In early 2020, Google said it hoped to make third-party cookies, a solution that allows publishers and other players to track individual web browsers, obsolete by introducing a new privacy-first solution it dubbed Privacy Sandbox. The feature uses a set of APIs, or application programming interfaces, to offer more user privacy protections while still allowing publishers and ad buyers to do the targeting and measurement tasks that cookies enabled.

Google repeatedly pushed back the date for when third-party cookies would vanish from Chrome. Partners who tested the featured, such as ad-tech firms Index Exchange and Criteo, as well as industry group the IAB Tech Lab, expressed concerns that Privacy Sandbox was not yet ready for prime time, arguing it posed a risk to publishers and programmatic players. In a report from July, Criteo forecasted that publishers’ Chrome ad revenue would drop by around 60% on average if third-party cookies were turned off. (Disclosure: This reporter previously worked at the ad-tech firm The Trade Desk.)

Google seems to have heard their concerns. It now plans to introduce a new experience in Chrome that “lets people make an informed choice” around cookies across web browsing, Anthony Chavez, VP of Privacy Sandbox, wrote in the company’s blog post.

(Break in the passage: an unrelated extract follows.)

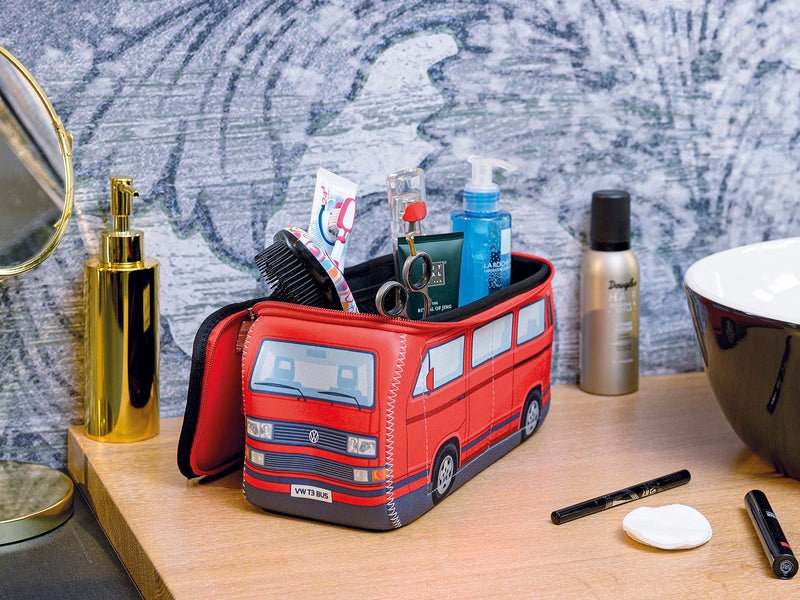 BRISA VW Collection - T3 Bus Camper Toiletry Bag Cosmetic Case | Volkswagen Toiletry Bag Cosmetic Case, Water-Repellent, Hanging Hook, 4 Mesh Pockets for Travel, Bathroom, Neoprene, Large Red Groß (30 x 14 x 12 cm)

What that experience will actually look like isn’t clear yet.

Chavez said the company is “discussing this new path with regulators,” after collecting feedback from a wide variety of stakeholders, including the UK’s Competition and Markets Authority (CMA), publishers, web developers, and ad industry players.

If the feature prompts users to opt into ad targeting, similar to the approach Apple took with app targeting in 2021, it still could prove to be a real headache for ad sellers and buyers.